Lesson 7: How to Prepare the Data
This chapter shows how to prepare a DataFrame for analysis. To do that, you may add and modify columns; apply functions and lambda expressions; set, unstack, and reset indexes; and combine the data in two or more DataFrames. So those are the skills that you’ll learn in this chapter. But you’ll also learn how to handle the SettingWithCopyWarning, which you’ve probably been getting from time to time.
Lesson 8: How to Analyze the Data
In the previous chapter, you learned how to prepare the data for analysis. Now, in this chapter, you’ll learn how to analyze the data that you’ve prepared. As you will see, however, there’s a lot of overlap between preparation and analysis. That’s why this chapter presents some of the preparation skills that are closely related to the analytical skills.
Lesson 9: How to Analyze Time-Series Data
In the previous chapter, you learned the critical skills for analyzing data. Now, this chapter expands on that by showing you how to analyze data that is indexed by dates and times. Although the general analysis techniques stay the same, many of the operations that you do with time-series data are unique.
Lesson 10: How to Make Predictions with a Linear Regression Model
This chapter begins by showing you how to use the Pandas and Seaborn libraries to find correlations between variables. Then, it shows how to use the Scikit-learn library to create a linear regression model and use it to make predictions.

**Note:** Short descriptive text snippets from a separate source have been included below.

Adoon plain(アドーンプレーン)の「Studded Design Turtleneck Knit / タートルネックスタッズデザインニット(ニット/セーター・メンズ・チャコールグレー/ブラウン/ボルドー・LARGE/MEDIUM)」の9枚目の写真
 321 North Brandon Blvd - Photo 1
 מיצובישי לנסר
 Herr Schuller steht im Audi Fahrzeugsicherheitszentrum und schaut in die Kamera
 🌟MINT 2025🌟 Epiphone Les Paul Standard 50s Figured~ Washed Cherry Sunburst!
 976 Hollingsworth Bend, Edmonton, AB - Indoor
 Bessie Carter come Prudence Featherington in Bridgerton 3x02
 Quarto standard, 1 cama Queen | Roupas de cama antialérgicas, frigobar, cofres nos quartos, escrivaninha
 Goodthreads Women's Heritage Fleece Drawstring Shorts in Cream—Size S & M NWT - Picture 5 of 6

Finally, it shows how to use Seaborn to automatically create and plot a linear regression model.
Lesson 11: How to Make Predictions with a Multiple Regression Model
In the previous chapter, you learned how to make predictions with a simple regression model. In the real world, though, the dependent variable is usually affected by more than one independent variable. That’s why this chapter shows how to create a multiple regression model and use it to make predictions. That should lead to more accurate predictions.